En mi panteón de los sueños rotos (tan grande que he tenido que montar una línea férrea para recorrerlo, depósitos de víveres, abrigos y todos los pertrechos necesarios para recorrer y sobrevivir en grandes extensiones inhóspitas), yace el sueño de una gran biblioteca. Siempre desee tener una biblioteca enorme, decimonónica, con chimenea, mueble bar, tres o cuatro sillones de orejas, hilo musical y una mesita para dejar el whisky o el café. Y derramar días y días leyendo en soledad, huyendo del mundanal ruido.

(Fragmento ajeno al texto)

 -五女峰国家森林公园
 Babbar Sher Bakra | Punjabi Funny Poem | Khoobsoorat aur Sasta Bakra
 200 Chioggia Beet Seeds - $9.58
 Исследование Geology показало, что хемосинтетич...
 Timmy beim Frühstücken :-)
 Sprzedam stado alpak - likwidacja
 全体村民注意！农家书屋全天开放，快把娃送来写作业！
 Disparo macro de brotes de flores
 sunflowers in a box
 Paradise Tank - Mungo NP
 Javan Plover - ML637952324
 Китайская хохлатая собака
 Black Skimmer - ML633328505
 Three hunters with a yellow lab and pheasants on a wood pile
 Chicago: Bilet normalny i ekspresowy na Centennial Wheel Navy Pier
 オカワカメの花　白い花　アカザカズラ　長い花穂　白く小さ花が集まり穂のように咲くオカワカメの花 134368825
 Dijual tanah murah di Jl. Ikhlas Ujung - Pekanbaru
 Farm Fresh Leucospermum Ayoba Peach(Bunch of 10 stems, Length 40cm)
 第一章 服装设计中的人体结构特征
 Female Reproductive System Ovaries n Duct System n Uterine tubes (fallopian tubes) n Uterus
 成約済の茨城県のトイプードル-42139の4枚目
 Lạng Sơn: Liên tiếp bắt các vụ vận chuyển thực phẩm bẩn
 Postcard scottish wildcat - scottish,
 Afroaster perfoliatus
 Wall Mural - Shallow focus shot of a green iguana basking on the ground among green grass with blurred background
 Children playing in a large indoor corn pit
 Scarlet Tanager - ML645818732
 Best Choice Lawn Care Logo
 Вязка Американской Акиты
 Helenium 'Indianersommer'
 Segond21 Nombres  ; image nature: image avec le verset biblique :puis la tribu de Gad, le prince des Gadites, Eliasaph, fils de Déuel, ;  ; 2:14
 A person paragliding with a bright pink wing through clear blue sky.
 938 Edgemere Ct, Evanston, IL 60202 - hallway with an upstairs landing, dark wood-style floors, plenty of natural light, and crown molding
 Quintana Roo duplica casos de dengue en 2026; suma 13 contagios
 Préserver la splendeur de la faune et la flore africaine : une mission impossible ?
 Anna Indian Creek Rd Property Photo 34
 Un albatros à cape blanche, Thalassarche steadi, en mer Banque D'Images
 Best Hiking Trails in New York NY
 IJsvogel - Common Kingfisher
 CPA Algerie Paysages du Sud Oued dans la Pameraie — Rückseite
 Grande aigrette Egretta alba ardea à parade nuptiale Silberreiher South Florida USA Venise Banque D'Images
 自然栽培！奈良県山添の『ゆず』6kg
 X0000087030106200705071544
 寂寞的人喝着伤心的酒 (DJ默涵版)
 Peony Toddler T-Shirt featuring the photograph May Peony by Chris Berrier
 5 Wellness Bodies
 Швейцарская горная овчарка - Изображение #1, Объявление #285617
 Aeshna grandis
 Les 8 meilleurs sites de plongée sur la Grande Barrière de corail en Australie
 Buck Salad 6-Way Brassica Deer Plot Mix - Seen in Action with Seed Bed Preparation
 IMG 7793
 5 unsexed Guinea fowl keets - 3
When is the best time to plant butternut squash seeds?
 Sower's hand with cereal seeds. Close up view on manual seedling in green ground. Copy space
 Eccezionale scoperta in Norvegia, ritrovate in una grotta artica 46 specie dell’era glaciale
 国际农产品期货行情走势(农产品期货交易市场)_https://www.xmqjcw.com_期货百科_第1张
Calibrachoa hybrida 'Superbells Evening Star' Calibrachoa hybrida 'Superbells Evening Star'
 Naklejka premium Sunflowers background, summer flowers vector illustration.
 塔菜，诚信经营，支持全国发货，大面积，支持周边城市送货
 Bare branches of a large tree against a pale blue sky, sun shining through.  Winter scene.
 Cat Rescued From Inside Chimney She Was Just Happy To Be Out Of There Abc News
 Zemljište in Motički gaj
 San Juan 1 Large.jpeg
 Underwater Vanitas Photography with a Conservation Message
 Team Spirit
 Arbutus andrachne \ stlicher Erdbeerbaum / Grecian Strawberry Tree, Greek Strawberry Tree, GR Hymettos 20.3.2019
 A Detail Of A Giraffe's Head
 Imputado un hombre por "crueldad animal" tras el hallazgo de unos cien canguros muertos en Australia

Tengo una pequeña biblioteca en mi buhardilla, que acaba siendo un nido de trastos, sin sillones ni mueble bar. No me escapo del mundanal ruido, acabo leyendo en la cama, pero al menos tengo algo. Tendré 1000 y pico libros, de todos los palos, no hay libro pequeño. Tengo una biblioteca que legar a mis hijos, o que dejar alguien, o que se malvendan en los rastros o se quemen en hogueras. O acaben la basura o recliclados. Siempre algo físico.
La semana pasada me instalé mi primer libro electrónica (que ya me han regalado en papel). Pensaba entonces: ¿qué legaremos a nuestros hijos? ¿Un pendrive con todos mis libros, un disco duro? ¡Cómo cambian los tiempos!